5. Von der Durchführung einer mündlichen Verhandlung konnte gegenständlich abgesehen werden, da das Verfahren ausschließlich rechtliche Fragen betrifft und die Tatsachenfeststellungen nicht bestritten wurden. Das Gericht konnte so aufgrund des schriftlichen Vorbringens entscheiden, ohne dass dies eine Verletzung von Art. 6 Abs. 1 MRK oder Art. 47 GRC bedeutet hätte (VwGH 20.03.2014, 2013/07/0146). Auch der EuGH setzt offensichtlich voraus, dass die Flächenermittlung im Rahmen des Integrierten Verwaltungs- und Kontrollsystems (INVEKOS) primär auf Basis der vorliegenden Orthofotos zu erfolgen hat (vgl. EuGH Urteil vom 27.06.2013, Rs C-93/12, Agrokonsulting).
Gemäß § 25a Abs. 1 VwGG hat das Verwaltungsgericht im Spruch seines Erkenntnisses oder Beschlusses auszusprechen, ob die Revision gemäß Art. 133 Abs. 4 B-VG zulässig ist.
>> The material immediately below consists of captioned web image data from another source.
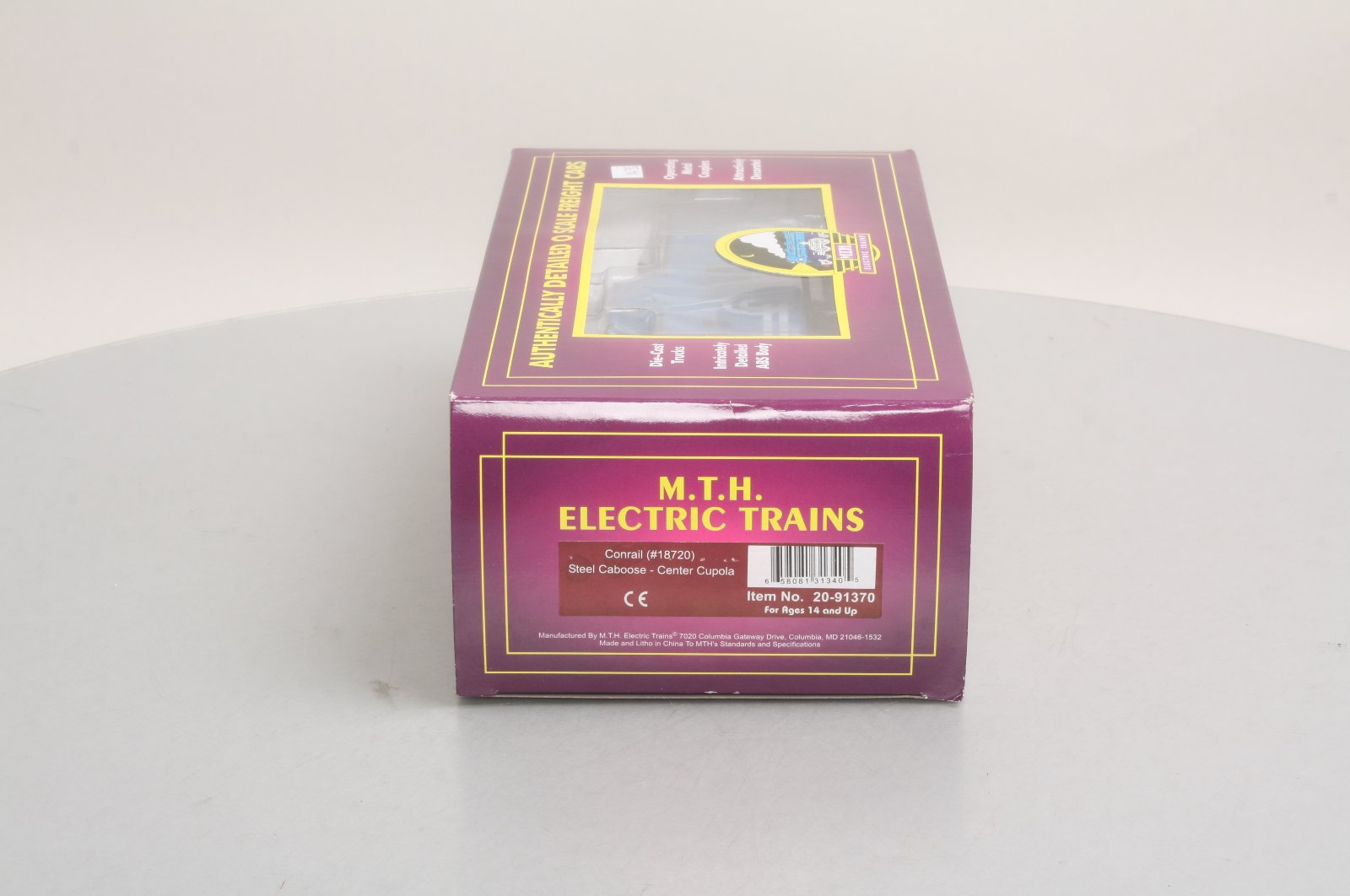 MTH 20-91370 O CR Center Cupola Steel Caboose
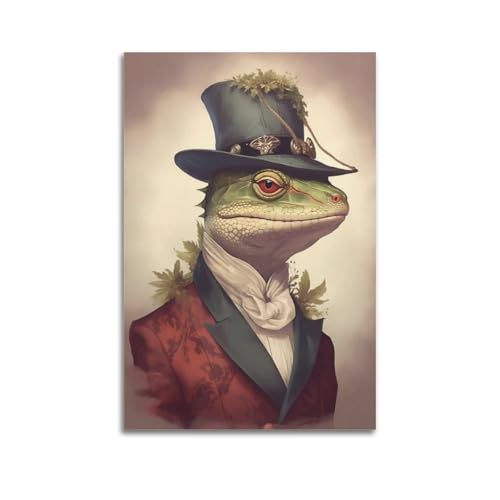 Salamander Paranormales Poster, dekoratives Gemälde, Leinwand, Wandposter und Kunstdruck, moderne Familienschlafzimmer-Dekoration, Poster, 20 x 30 cm Salamander Paranormales Poster, dekoratives Gemälde, Leinwand, Wandposter und Kunstdruck, moderne Familienschlafzimmer-Dekoration, Poster, 20 x 30 cm von LALBLZ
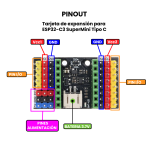 Shield de Expansión para ESP32-C3 Super Mini - Image 4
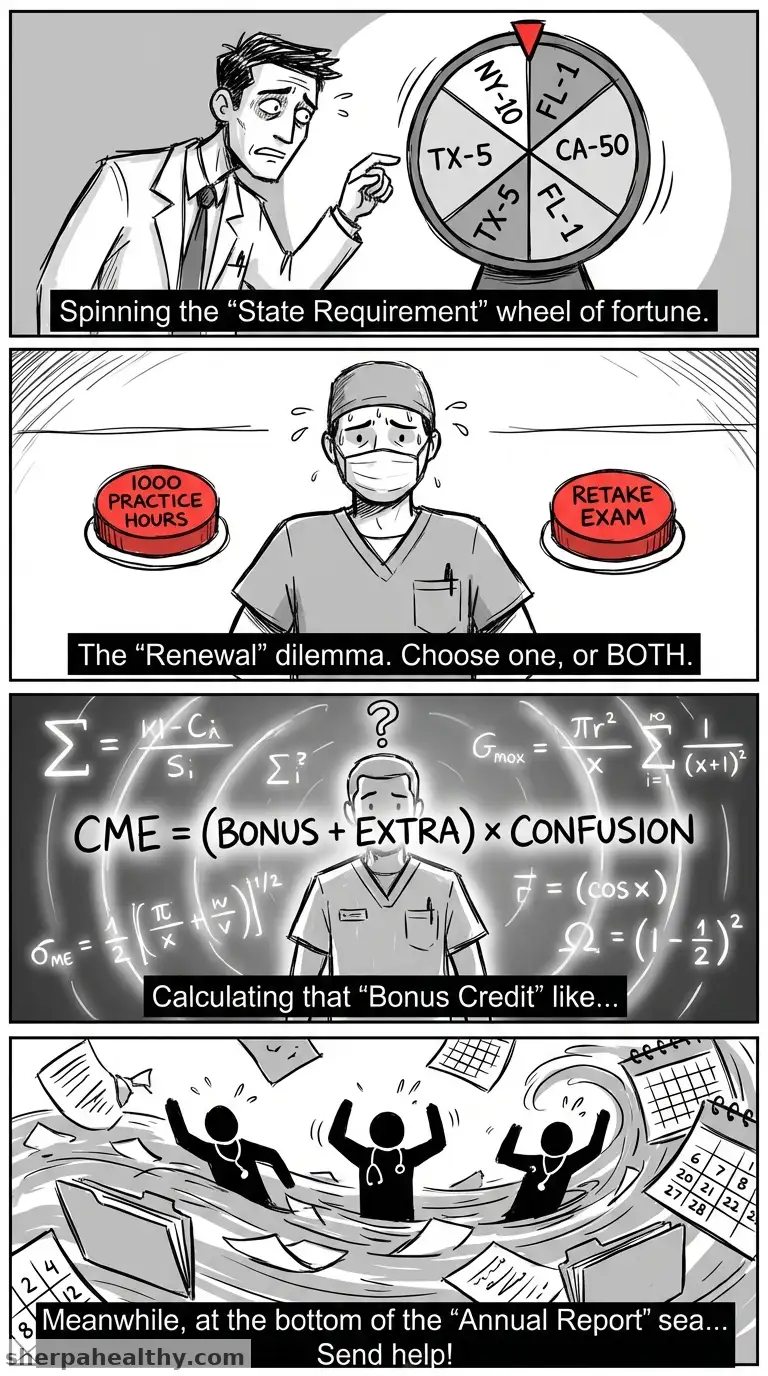 CME Requirements for MDs, PAs, and NPs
Der Ausspruch ist kurz zu begründen.
Die Revision ist nicht zulässig, da im gegenständlichen Verfahren keine Rechtsfrage zu lösen war, der im Sinne des Art. 133 Abs. 4 B-VG grundsätzliche Bedeutung zukommt. Weder weicht die gegenständliche Entscheidung von der bisherigen Rechtsprechung des Verwaltungsgerichtshofes ab, noch fehlt es an einer Rechtsprechung; weiters ist die vorliegende Rechtsprechung des Verwaltungsgerichtshofes auch nicht als uneinheitlich zu beurteilen. Auch liegen keine sonstigen Hinweise auf eine grundsätzliche Bedeutung der zu lösenden Rechtsfrage vor. Es liegt auch dann keine erhebliche Rechtsfrage vor, wenn die Rechtslage eindeutig ist (VwGH 28.05.2014, Ro 2014/07/0053).